Zondag 2 februari 2014. Vaak begin ik mijn wekelijkse schrijfsels met een korte passage over het weer. Tot voor kort keek ik bij het schrijven van mijn wekelijkse epistels altijd direct naar buiten en had ik zicht op de omstandigheden aan de andere kant van het raam. Sinds enige weken is het interieur van onze woonkamer een beetje veranderd en staat de tafel waarop de laptop ligt dusdanig gepositioneerd dat ik niet meer naar buiten kan kijken. Ik zit met mijn rug naar het raam en ook op de TV kan ik minder makkelijk een blik werpen.  Dit leidt misschien minder af en misschien vloeien de weekstukken dan vlotter uit mijn ‘pen’ ….. ha, ha.

De zon schijnt uitbundig, het weer is bijna zo goed om de duiven te lappen. Bij wijze van spreken dan. Goed weer ook voor het WK Cyclocross in Hoogerheide. Ook bij deze sport maken de omstandigheden vaak uit wie de winnaar wordt. Het weer en het type ondergrond bepalen wie er wanneer om de prijzen strijden. Er zijn echte specialisten van bepaalde omstandigheden maar ook echte klasbakken die op alle ondergronden en onder alle omstandigheden uit de voeten kunnen. Dit zijn m.i. dan ook de ware kampioenen in deze fascinerende sport.

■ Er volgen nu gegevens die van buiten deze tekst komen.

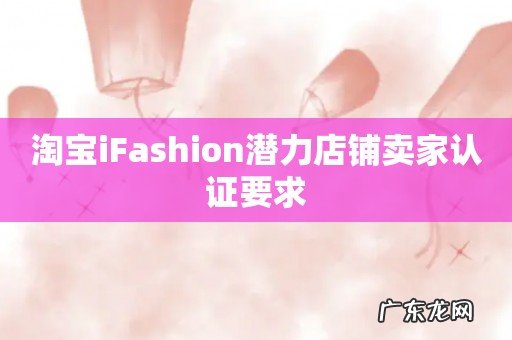 淘宝iFashion潜力店铺卖家认证要求
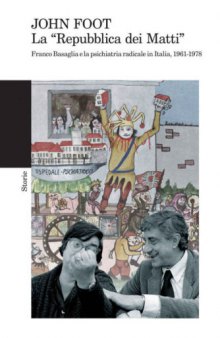 La "Repubblica dei matti". Franco Basaglia e la psichiatria radicale in Italia, 1961-1978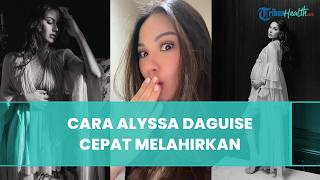 Alami Kontraksi Palsu, Alyssa Daguise Akui Sudah Lakukan Segala Cara agar Cepat Melahirkan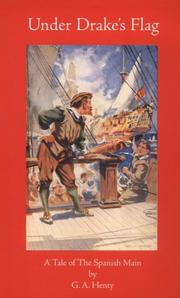 Cover of: Under Drake's Flag (Works of G. A. Henty) by G. A. Henty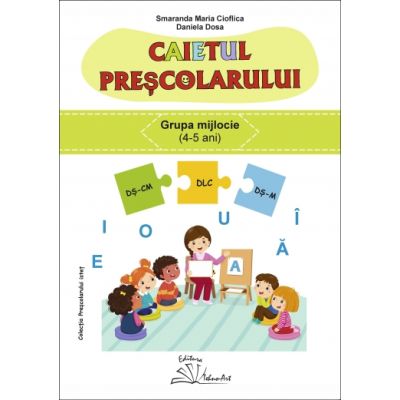 Caietul prescolarului grupa mijlocie - Smaranda Maria Cioflica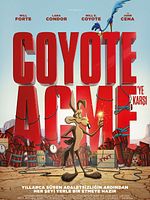 Coyote, Acme'ye Karşı posteri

Hierin zit een aardige analogie met onze mooie sport. Ook met de duiven blinken er bepaalde melkers uit als de wind gunstig staat. Al dan niet in combinatie met een gunstige ligging ten opzichte van de losplaats en ten opzichte van de concurrentie waar tegen men vliegt. Op veel vluchten en zelfs op Teletekst is duidelijk te zien wie er  ‘goed zat’.  Soms zitten hele dorpen goed en komt de naam meermaals voor op SBS Teletekst  pagina 861.

De echte kampioenen binnen onze sport weten echter ook goed te scoren als men minder gunstig zit. Het komt dan aan op de kwaliteit van de duiven en de melker die ze in de juiste conditie brengt. Kampioen wordt je in onze sport immers door een stabiele reeks prestaties over meerdere weken en voor sommige kampioenschappen zelfs meerdere maanden neer te zetten. Geen sinecure dus met voortdurend wisselende omstandigheden (het weer maar ook de conditie van de duiven). Enig respect is dan ook wel op zijn plaats voor de mannen (en soms vrouwen) die dit vrijwel jaarlijks bewerkstelligen.

Gisterenmiddag werden een aantal grote kampioenen gehuldigd tijdens de kampioenenmiddag van mijn rayon. In zijn openingswoord sprak de voorzitter van de commissie, die alle activiteiten binnen ons rayon organiseert, echter ongebruikelijke woorden. Hij sprak een deel van de kampioenen aan omdat ze geen bon beschikbaar hadden gesteld. Opmerkelijk maar begrijpelijk aan de andere kant. In ons samenspel wordt veel georganiseerd en uitgedeeld en het zijn natuurlijk de kampioenen die de grootste greep in de prijzenpot doen. Deze prijzenpot moet natuurlijk wel gevuld worden en veelal vormt de bonnenverkoop het fundament onder het financiële plaatje.

Bonnenverkoop

Vanuit de positie van de voorzitter dus een begrijpelijke actie, echter ik kan de positie van de kampioenen die niets schonken ook wel enigszins billijken. De echte grote kampioenen worden namelijk werkelijk horendol van alle aanvragen .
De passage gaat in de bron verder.